The spatial distributions of the current and potential practice demand storm and flood water management infrastructure beyond current needs. Flexible definitions of legal housing to extend tenant and homeowner rights, in response to the housing crisis, are brought into examination under the lens of zoning and infrastructural demands, in response to the climate crisis. Safety is centrally implicated in both—as a concern in the growing, yet unprotected, practice of basement conversions, and as a concern for the infrastructural demands produced by a potential stock of legal basement conversions. The third phase of crisis management innovates at this juncture.

Figure 1. All 311 illegal-conversion complaints, community districts in New York City, 2020

Prepared for Chhaya Community Development Corporation, 2021.

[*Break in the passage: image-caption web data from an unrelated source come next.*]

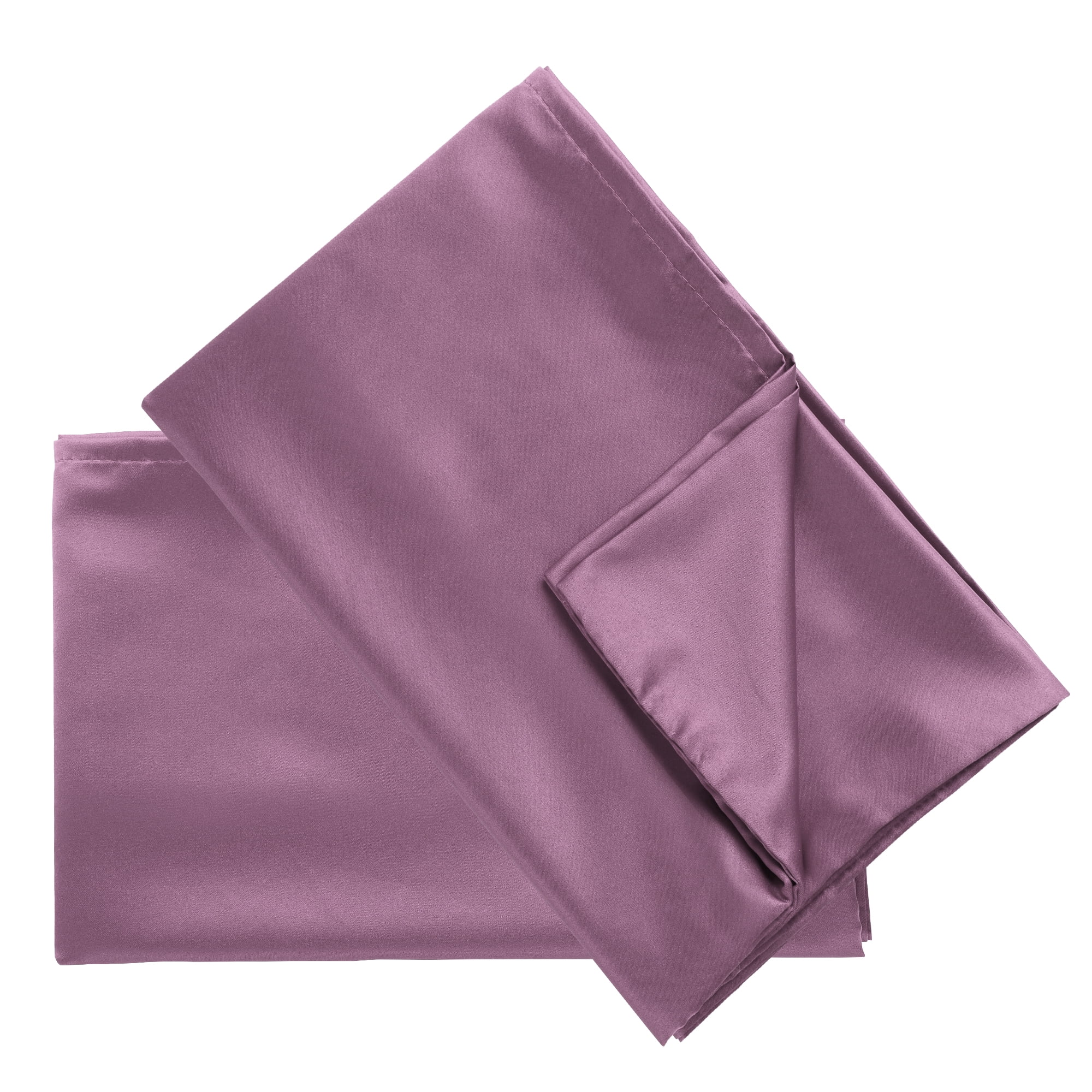 Unique Bargains 4 Pack Satin Pillowcases for Hair and Skin, Mauve Standard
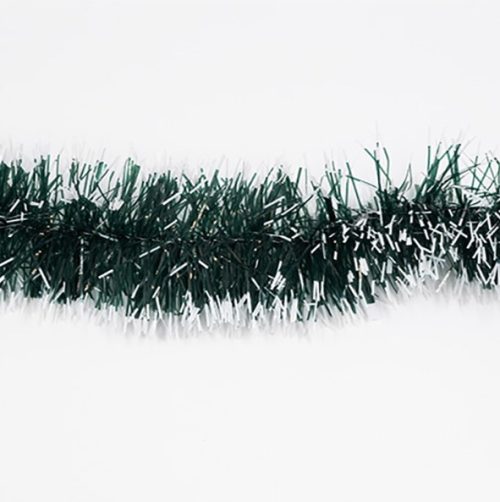 Коледна украса гирлянд 2м/9см бяло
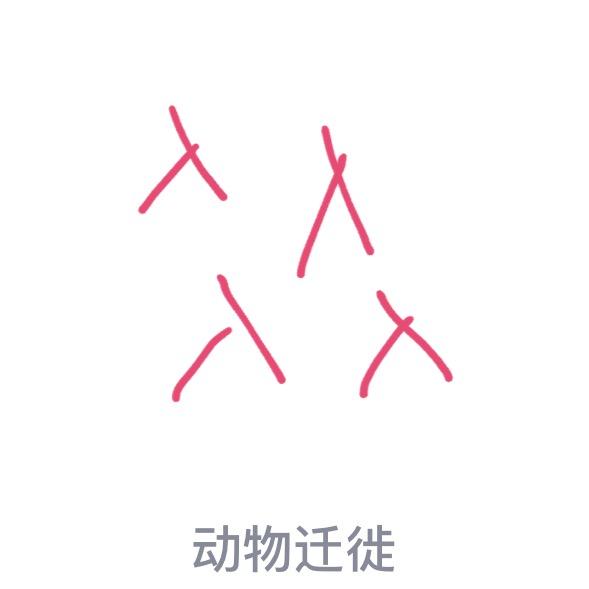 qq红包中的动物迁徙怎么画?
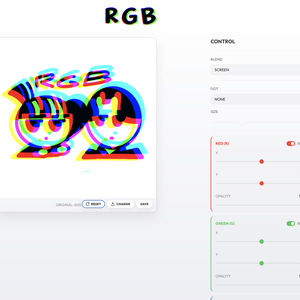 RGB HANZURE GEN (RGB分解画像ジェネレーター)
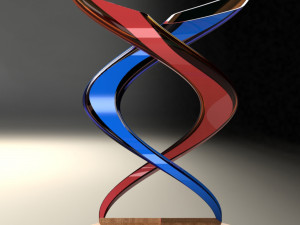 snakes vase 3D-Modell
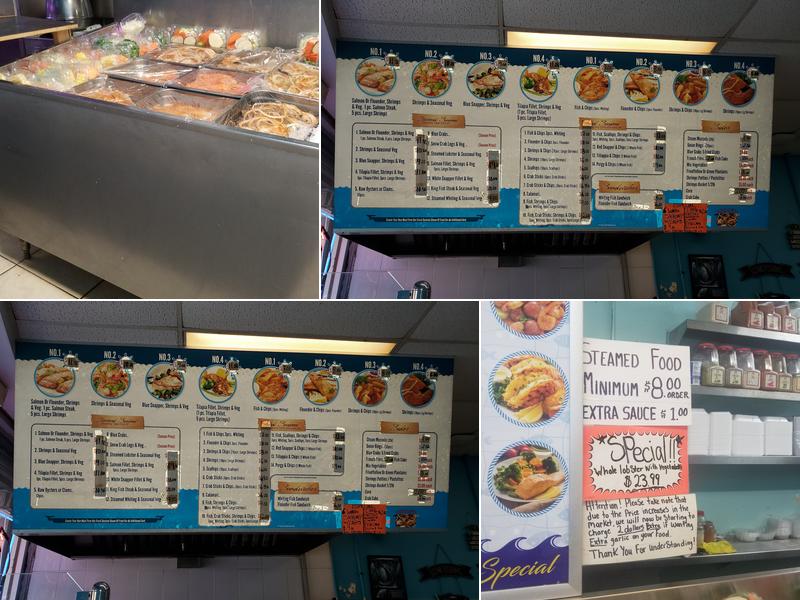 Santos Fish Market Menu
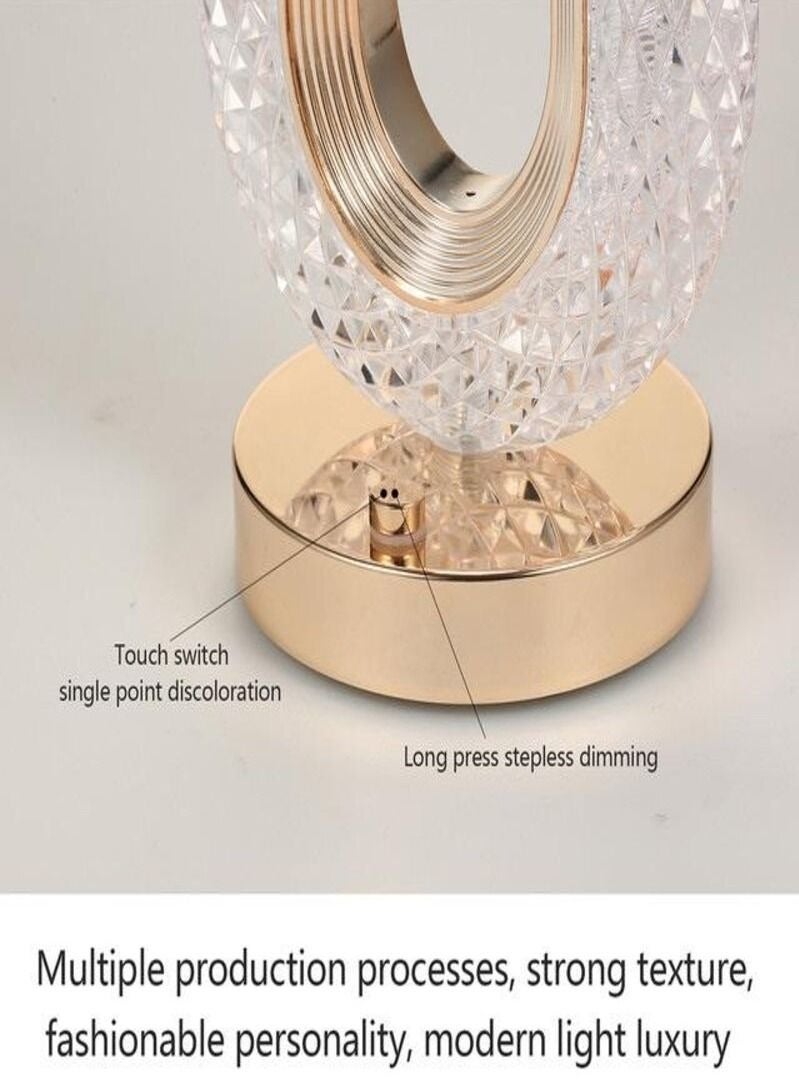 Set of two Piece Wireless Crystal Lampshades in 3 Colors  - Image 5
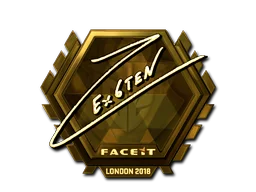 Sticker | Ex6TenZ (Gold) | London 2018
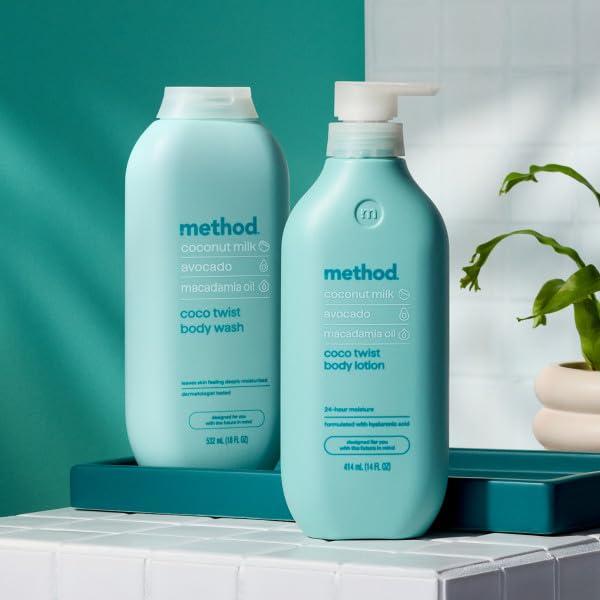 Paquete Cuidado Corporal Method Coco Twist - Loción 414ml, Gel 532ml, Desodorante 75ml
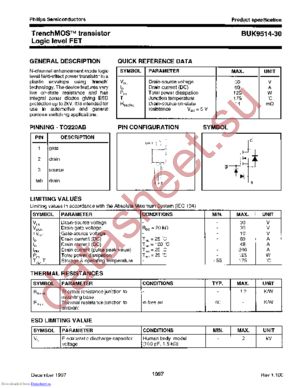 BUK9514-30127 datasheet  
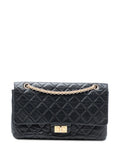 Chanel Pre Owned 2009 2010 Reissue 255 Aged Calfskin Double Flap 226 Shoulder Bag — Same as shown — Size One Size — Front View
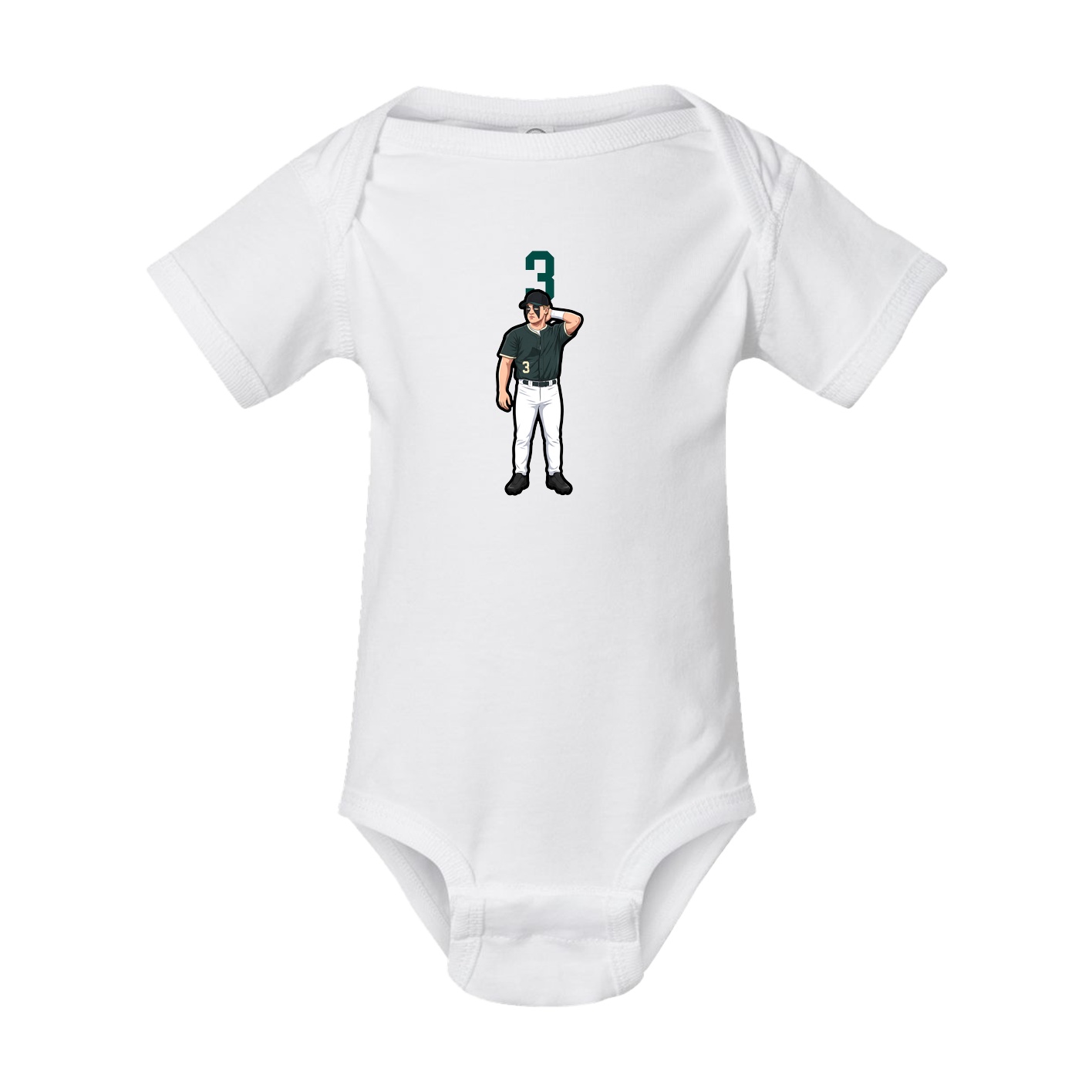Baby Onesie — Number Top in White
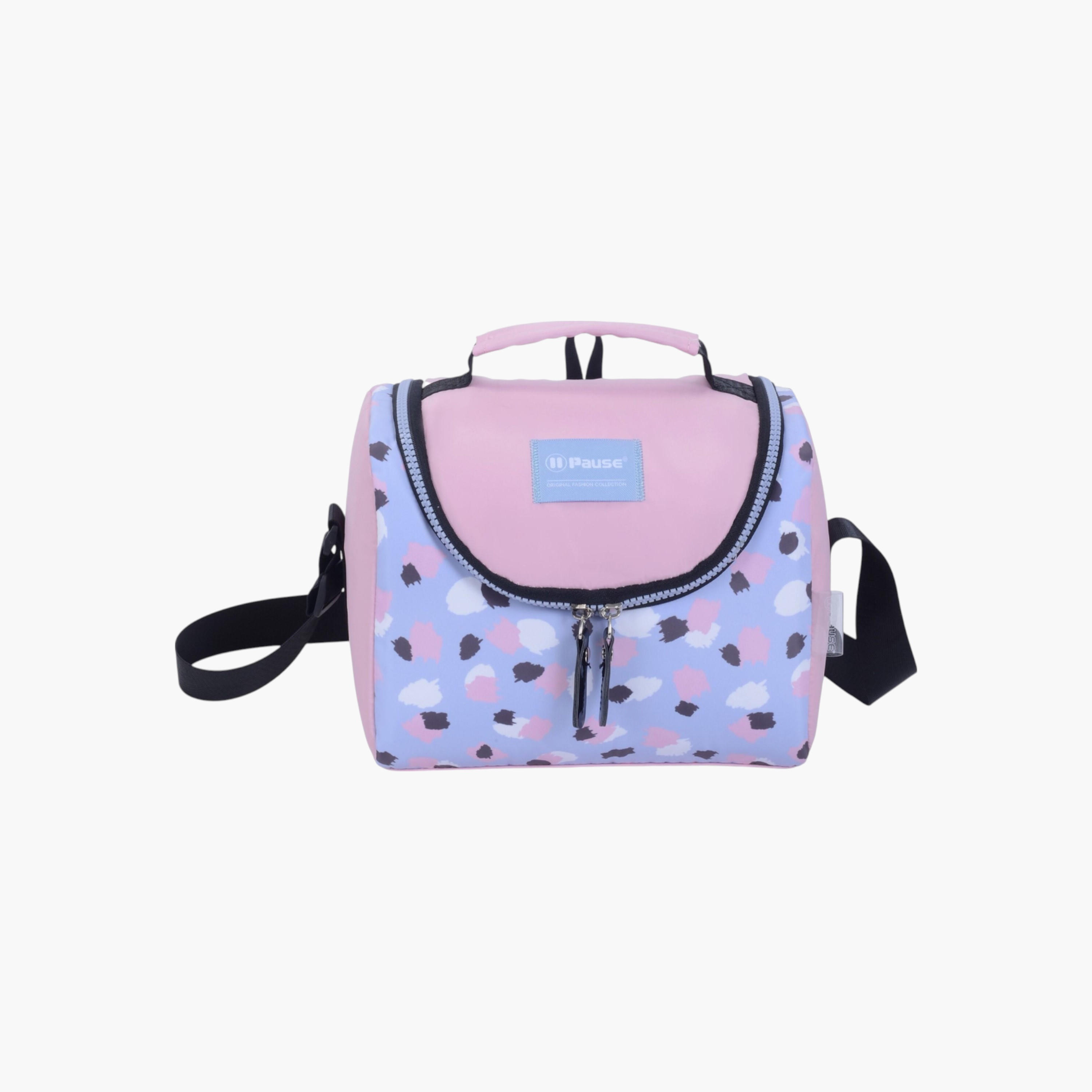 PAUSE Printed Insulated Lunch Bag with Zip Closure-school-lunchessentials-lunchbags-image-2
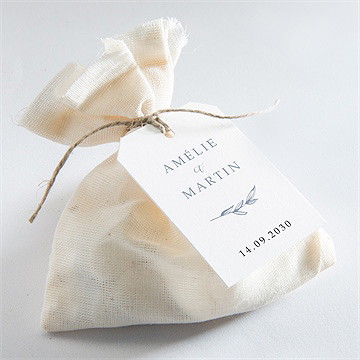 Etiquette mariage composition végétale - Mise en situation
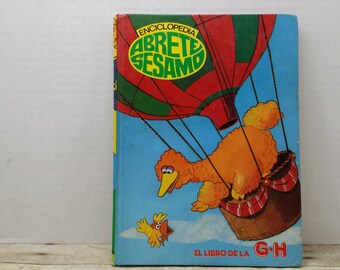 Enciclopedia Abrete Sesemo, 1985, Spanish Sesame Street, vintage kids book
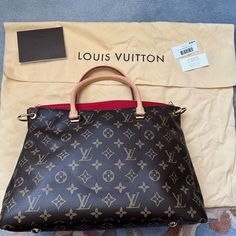 Never Used!! Purchased In 2011 But It Was Too Big So It Stayed In My Closet. Please View Video. The Straps Glazing Became Sticky Over Time !!! Everything Else Is In Perfect Condition!!! The Straps Aren’t!!! Made In The Usa Cheap Louis Vuitton Handbags 1stdibs, Cheap Louis Vuitton Bags 1stdibs, Cerise Color, Iconic Louis Vuitton Bags, Louis Vuitton Pallas, Louis Vuitton Boston Bag, Louis Vuitton Multi Pochette Brown Strap, Luxury Bags Collection, Bags Louis Vuitton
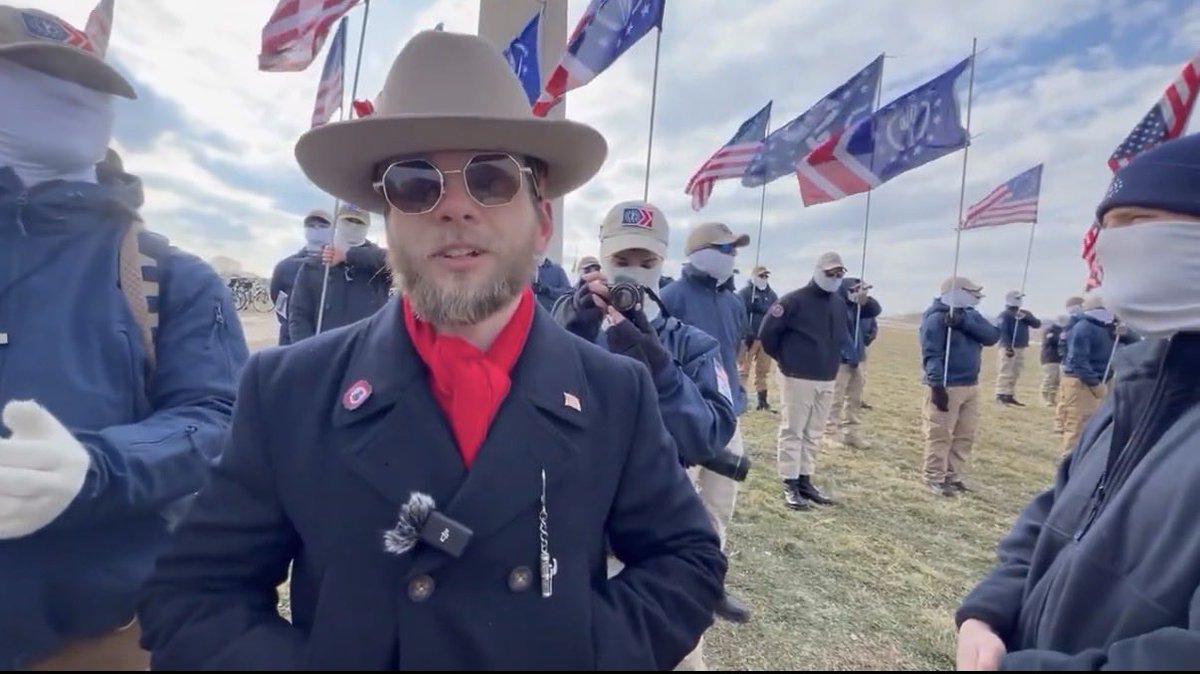 ColMoeDavis's tweet photo. In January 2025, Senator Mike Lee said the deep state group Patriot Front would cease to exist when Kash Patel was confirmed as FBI Director.

On July 4, 2026, after hundreds of Patriot Affront members in face diapers marched through DC, they said Kash Patel wasn’t fit to run the FBI because he’s Indian and Indians shouldn’t run any federal agency.

Mike Lee and Laura Ingraham on July 4, 2026 said Patriot Affront is no longer deep state, it’s Antifa.

They always have to find an excuse rather than admit that the Nazi racist assholes are their teammates.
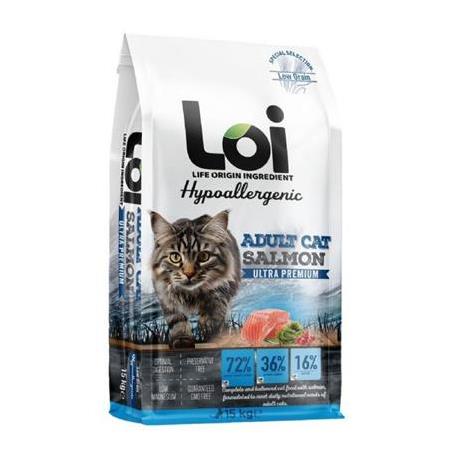 LOI YETİŞKİN KEDİ SOMONLU 15 KG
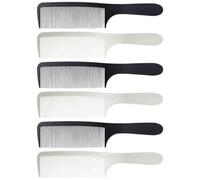 LIFKICH 6pcs Professional Barber Hair Comb for Men Curved Abs Material Comfortable to Use and Not Easy to Fade, Suitable for Beard and Mustache Grooming at Home the Go
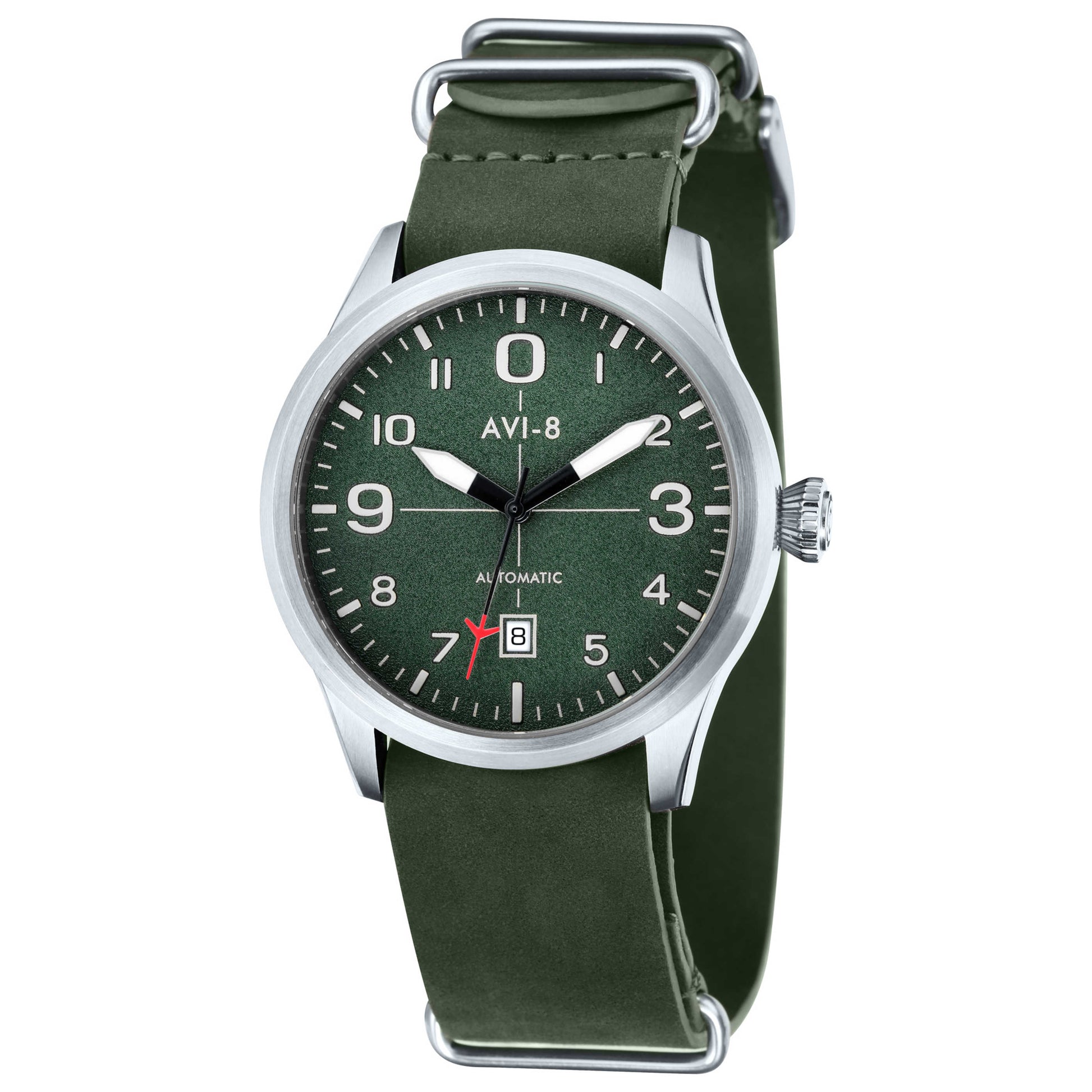 Front view of AVI-8 Flyboy Men's Automatic Watch AV-4021-03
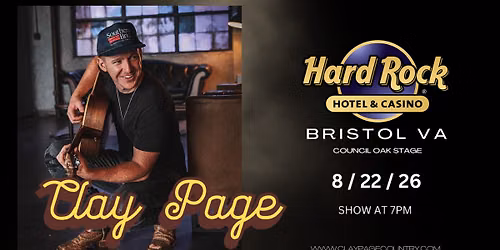 Clay Page at Hard Rock Bristol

Figure 2. Confirmed violations in the 311 illegal-conversion complaints, community districts in New York City, 2020

Prepared for Chhaya Community Development Corporation, 2021.

Phase III: crisis management

As discussed in the introduction, propositions in the third phase, most recently articulated in the Comptroller’s report and supporting statements, respond to these concerns for safety by delinking rights to lease and occupy from compliance with the full set of housing regulations. In terms of safety, this split first demonstrates an acknowledgment of the prevalence of basement conversions and the immediate need for safety within these units. Second, it identifies a need to address these concerns on a fast track. For the BACPP and the Comptroller’s recommendations, an infrastructural plan to service the identified and potential basement stock is yet to be developed. Such a plan will depend on the demand for new conversions, which remains to be assessed.

Conclusion

The recommendations in the Comptroller’s report warrant serious consideration. They go beyond measures for official recognition of basement and cellar units. They recommend a right to lease all of these units, irrespective of whether they violate the norms of safety or density, with a stipulation that homeowners reinforce the unit with prescribed safety installations. [7] The recommendations’ application to the entire universe of basement and cellar apartments certainly raises pertinent concerns regarding the limits of safety regulations, given that these regulations are parallel to, but not interlinked to, legal use. Nevertheless, a serious consideration of this approach to housing safety in illegal units, by granting rather than enforcing legality, is essential. The flexible approach to conferring legality can mobilize actions, both in the sphere of state action towards crisis management and in the mechanisms of the housing market. It is both a state-directed program of official recognition and an incentive for partially legal market mechanisms to meet a standard of housing safety. Having answered my initial question about how basement conversion regulations evolved into this juncture, I will end with this question: how will they develop from here? From the analysis in this paper, I will offer a possibility for consideration—that the theme of flexibility will find an enduring place in the growing problematization and management of the housing and climate crises. As evidenced in this case of basement conversions, it will operate in a field of incomplete but immediate measures. Critical concerns like safety will both be its primary objects for intervention and for redefinition. Its applications will be diffuse, rather than centralized, and fragmented, rather than complete.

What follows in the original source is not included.